Theranostics. 2020 Aug 18;10(22):10345-10359. doi: 10.7150/thno.42069. eCollection 2020.
In addition to protein tyrosine kinases, accumulating evidence has shown that protein tyrosine phosphatases (PTPs) are suitable therapeutic targets in cancer. PRL-3 is a PTP member that has been well studied in many malignant tumours. The goal of the present study was to elucidate the role of PRL-3 in hepatocellular carcinoma (HCC), which remains largely unknown. Bioinformatic and immunohistochemical analyses were performed to analyse PRL-3 expression in HCC tissue samples and determine its clinical relevance. PRL-3 gene copy number variations were evaluated by bioinformatic analysis and quantitative-genomic polymerase chain reaction. The biological functions of PRL-3 were investigated and vitro. Gene microarray assays, RT-qPCR, western blotting and luciferase experiments were performed to identify the downstream effectors of PRL-3 that mediate its functions in HCC. PRL-3 expression was upregulated in HCC samples from public databases and in cohort samples from our centre. High PRL-3 expression was associated with poor prognosis. Copy number gains and amplification of chromosome 8q24.3 in HCC were determined to be positively correlated with the PRL-3 overexpression. PRL-3 overexpression promoted HCC cell proliferation, migration and adhesion, while its loss had the opposite effects. Further study showed that focal adhesion kinase (FAK) was co-amplified and co-expressed with PRL-3 in HCC. Interestingly, PRL-3 also promoted the phosphorylation of FAK, which subsequently mediated the oncogenic functions of PRL-3 in HCC cells. Moreover, TGFB1 was identified as a downstream molecule of PRL-3. TGF-β signalling was shown to mediate the PRL-3-induced activation of FAK. Furthermore, the p38 and PI3K/AKT pathways were observed to mediate the PRL-3-induced expression of TGFB1 and the subsequent activation of FAK, while the activation of FAK in turn stimulated activation of the p38 and PI3K/AKT pathways, forming a PRL-3-triggered AKT/p38/TGFB1/FAK positive feedback loop. Collectively, our findings indicate that the PTP PRL-3 plays a crucial role in the progression of HCC and provides an example of how co-amplified genes work together in HCC.

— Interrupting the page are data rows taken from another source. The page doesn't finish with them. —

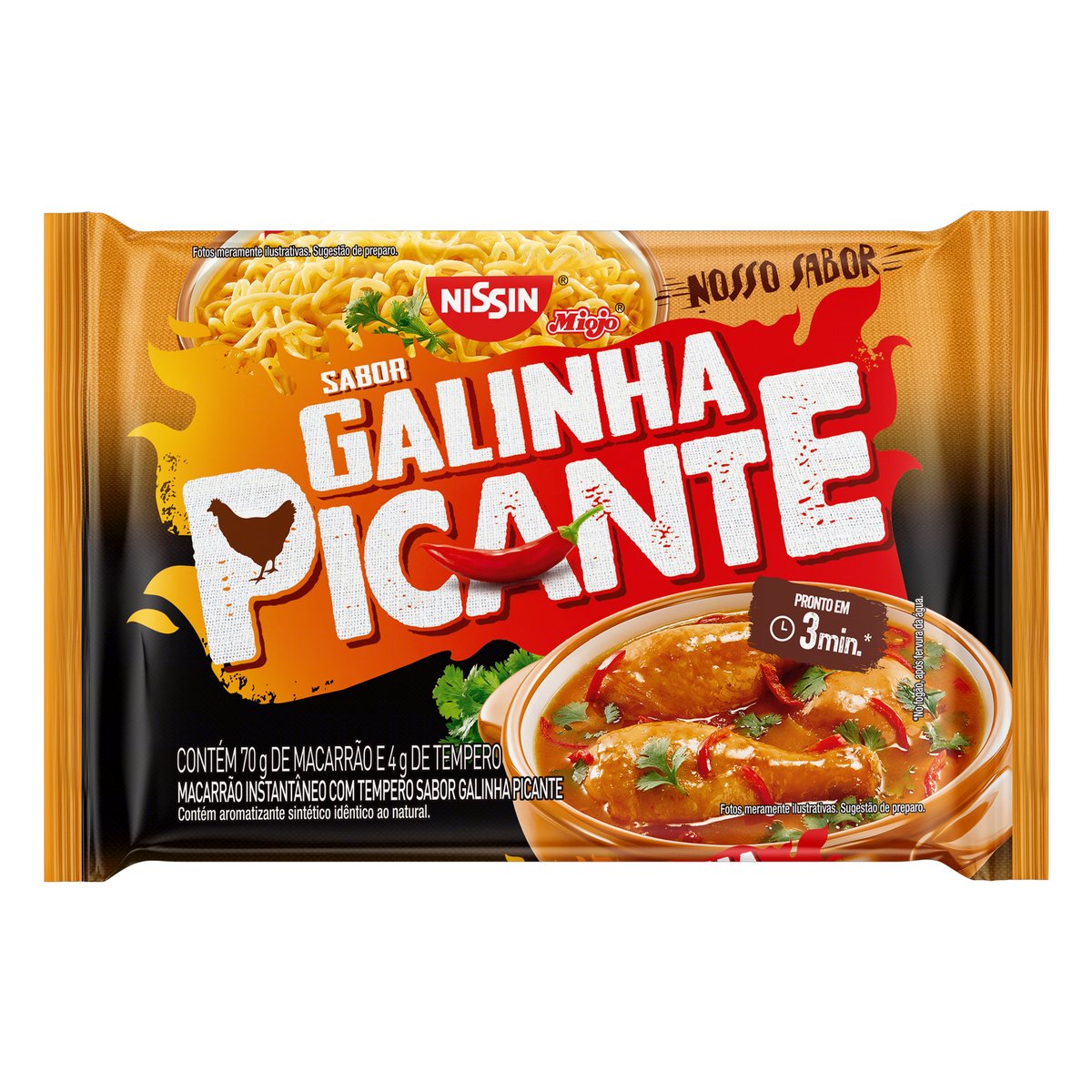 Encontraproduto.com.br - Macarrão Instantâneo Nissin Miojo Nosso Sabor Lámen Galinha Picante Pacote 74g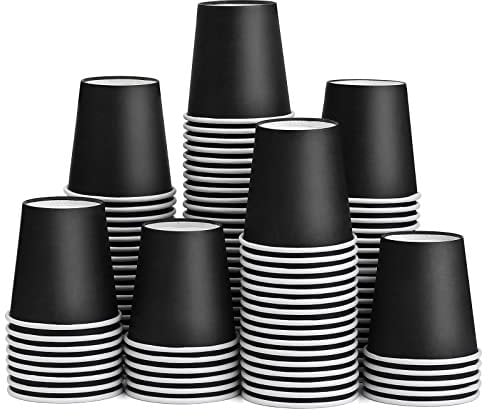 ENCHOL 100 Pack 3 oz Paper Cups, Small Mouthwash Cups, 3 oz Disposable Cup for Party, Picnic, Office, and Travel (Black)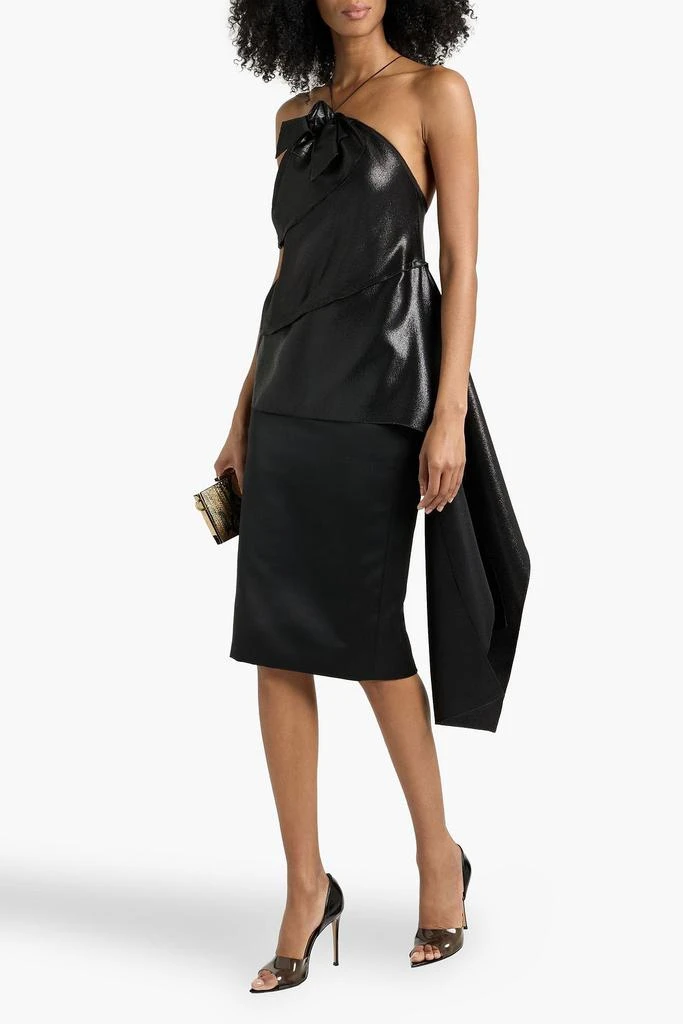 Victoria Beckham Draped metallic woven top 2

除了蛋白酪氨酸激酶外,越来越多的证据表明,蛋白酪氨酸磷酸酶(PTPs)是癌症治疗的合适靶点。PRL-3 是一种 PTP 成员,在许多恶性肿瘤中得到了很好的研究。本研究的目的是阐明 PRL-3 在肝细胞癌(HCC)中的作用,目前对此知之甚少。通过生物信息学和免疫组织化学分析,分析 HCC 组织样本中 PRL-3 的表达情况,并确定其临床相关性。通过生物信息学分析和定量基因组聚合酶链反应评估 PRL-3 基因拷贝数的变化。在体研究了 PRL-3 的生物学功能。进行基因微阵列分析、RT-qPCR、western blot 和荧光素酶实验,以鉴定 PRL-3 在 HCC 中发挥功能的下游效应物。PRL-3 的表达在公共数据库中的 HCC 样本和我们中心的队列样本中上调。高 PRL-3 表达与预后不良相关。在 HCC 中,8q24.3 染色体的拷贝数增加和扩增与 PRL-3 的过表达呈正相关。PRL-3 的过表达促进 HCC 细胞的增殖、迁移和黏附,而其缺失则产生相反的效果。进一步的研究表明,粘着斑激酶(FAK)在 HCC 中与 PRL-3 共扩增和共表达。有趣的是,PRL-3 还促进了 FAK 的磷酸化,随后介导了 PRL-3 在 HCC 细胞中的致癌功能。此外,TGFB1 被鉴定为 PRL-3 的下游分子。TGF-β 信号介导了 PRL-3 诱导的 FAK 激活。此外,还观察到 p38 和 PI3K/AKT 途径介导 PRL-3 诱导的 TGFB1 表达和随后的 FAK 激活,而 FAK 的激活反过来又刺激了 p38 和 PI3K/AKT 途径的激活,形成了 PRL-3 触发的 AKT/p38/TGFB1/FAK 正反馈回路。综上所述,我们的研究结果表明,PTP PRL-3 在 HCC 的进展中起着关键作用,并提供了一个例证,说明共扩增基因如何在 HCC 中协同作用。